Figure 4 shows the strain response prediction results of the two methods. From the prediction results of the Transformer, the strain response was successfully predicted and the predicted strain response values basically matched with the field test values, indicating that the proposed method is able to predict the strain response in the short term. From the comparison results, the agreement of the proposed method is better than that of the LSTM, which, in general, predicts the strain response trend of the structure, but from the details, there is still a significant difference between the predicted strain response and the test value at some time points, indicating that the stability of the LSTM prediction is not as good as that of the proposed method. To better show the details of the errors, the variation of the errors with time points and the probability density function are calculated so that the variation of the errors with time points and the distribution of the errors can be more accurately reflected.
The Figure 5 shows the errors of the Transformer-based method and LSTM, as well as the fitted curves of the normal distribution of their error fits. From the error curves, it can be seen that the error of Transformer is smaller than that of LSTM, and both have the same trend of change, with jitter occurring at the 200th time point. Table 1 shows the mean error and the 95% confidence interval (CI).
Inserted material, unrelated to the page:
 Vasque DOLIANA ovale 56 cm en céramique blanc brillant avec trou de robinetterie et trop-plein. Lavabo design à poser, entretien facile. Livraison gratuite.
From the mean value of the error, the mean error of the Transformer is about 19.2–55.5% of that of the LSTM. From the 95% CI, there is a much narrower CI for the Transformer of approximately 59.0–87.7% for the LSTM. The strain responses used in this study are all raw data without pre-processing such as filtering, and the error is controlled within an acceptable range in the presence of noise, which shows the engineering feasibility of the proposed method.

5. Discussion

5.1. Impact of Different Number of Prediction Points

To test the performance of the proposed method in predicting different numbers of strain responses, we changed the parameters of the sliding window and adjusted the number of prediction points to two, four, six, eight, ten, and twelve, respectively, and the results are shown in Figure 6. In particular, when the number of prediction points is greater than one, multiple batches of prediction values are generated for each time point, and the mean value of multiple prediction values is used as the final prediction value in this paper. The RSME for each of the six cases are calculated, and it indicates the magnitude of the prediction error, and the larger the RSME, the larger the prediction error.
The prediction errors are counted in Figure 7. The results show that the proposed methods can predict the strain response when the prediction value is less than twelve points, but the accuracy varies widely. As the number of prediction points increases, the prediction error becomes larger. When the number of prediction points is four, the RSME increases significantly; when the number of prediction points increases to six, the increase in RSME becomes flat; when the number of prediction points is ten, the increasing trend of RSME becomes faster. Combining the results of Figure 6 and Figure 7, when the number of prediction points is within four points, the prediction error is small, and the prediction results are more credible; when the number of prediction points is between four and ten, the prediction error is moderate, and the results are less credible; when the number of prediction points is greater than ten, the prediction error is relatively large, and the results are not credible.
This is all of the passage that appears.